La légende du pré Maudit


Georges Blin

Éléments contextuels

1913

xxe siècle

Coulouvray-Boisbenâtre

Avranchin

Édition du texte

La légende du pré Maudit.

C’était y a ben longtemps. Un’ muletine venait tous l’ans d’Angleterre à Coulouvray. O se retirait dans le fond du Pré Maudit. Un soir le gas Untel entendit du bri. Y s’erlevit, print son fusil et alli vais qui qué n’yavait. I vi Muletine. Alors y l’y foutit deux coups de fusil. Muletine qu’était frappée tombit. Alors le gars vit qu’cétait un’ belle cairiature qu’était belle et jeune. O l’ergardit et o l’y dit : tu m’as tuée et j’navais pus que deux ans à faire. Après ça la muletine périt et on l’a enterrée au fond du pré dans qui qu’au v’nait tous l’sans.

Alors amiî quand la neuit tombe ceux qui traversent le pré Maudit ont grand ‘pour’.
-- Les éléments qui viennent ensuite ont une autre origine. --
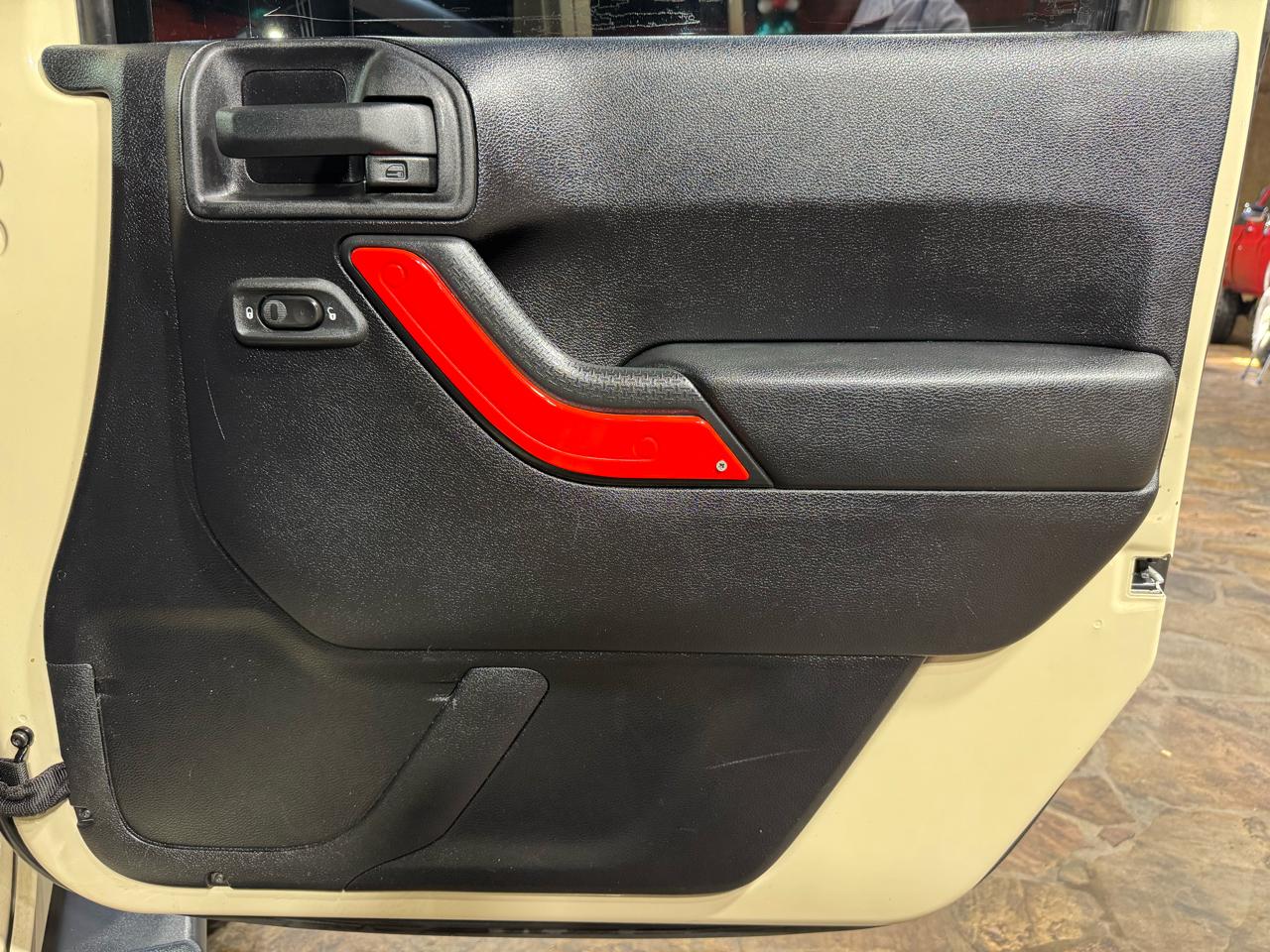 Jeep Wrangler Unlimited 4WD 4dr Sport 2011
[en note :] Multine : Personnage imaginaire qui, d’après la légende, avait fait un pacte avec le diable. De temps à autre elle devait se présenter aux hommes sous la forme d’un animal. On croyait que pour tuer multine, il fallait des balles bénites et pour lui faire reprendre sa forme humaine, il fallait la piquer à sang.

Commentaire sur l’édition

Édition faite sur l’original.

Source ou éditions princeps

Georges Blin, Monographie communale, 1913, Arch. dép. Manche, 124 J 174 (= 134 J 34 – fonds Victor Gastebois).

Édition critique

Patrice Lajoye, « Quelques légendes inédites en patois de la Manche collectées en 1913 », Revue de la Manche, 62, 249, 2020, p. 28.

Études

Patrice Lajoye, « Quelques légendes inédites en patois de la Manche collectées en 1913 », Revue de la Manche, 62, 249, 2020, p. 27-37.
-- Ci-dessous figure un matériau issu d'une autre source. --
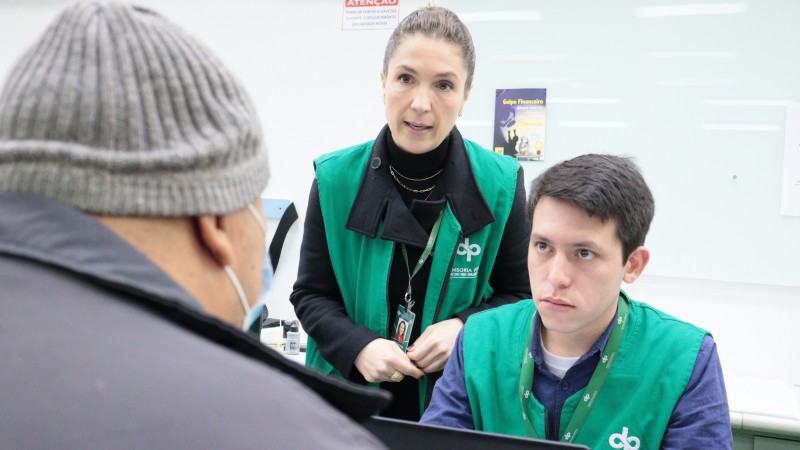Atendimentos ocorreram das 09h às 17h na unidade móvel da Defensoria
Commentaire historique et contextuel

Cette légende est typiquement celle d’un varou (loup-garou) : un être humain condamné à se changer périodiquement en animal (rarement un loup en Normandie, plus souvent un chien, un mouton, un bœuf, etc.). Seule une blessure – on dit souvent « entre les deux yeux » – permet de rendre au varou sa forme humaine. Ce type de légende est très courant en Normandie et au-delà.

Commentaire linguistique

Multine est un mot rare, qui semble restreint à la partie est de l’Avranchin : la Revue de l’Avranchin (IV, 1888, P. 475) le signale à Lingeard et, sous la forme Bulletine, à Cuves, qualifiant cette créature de « gobeline ».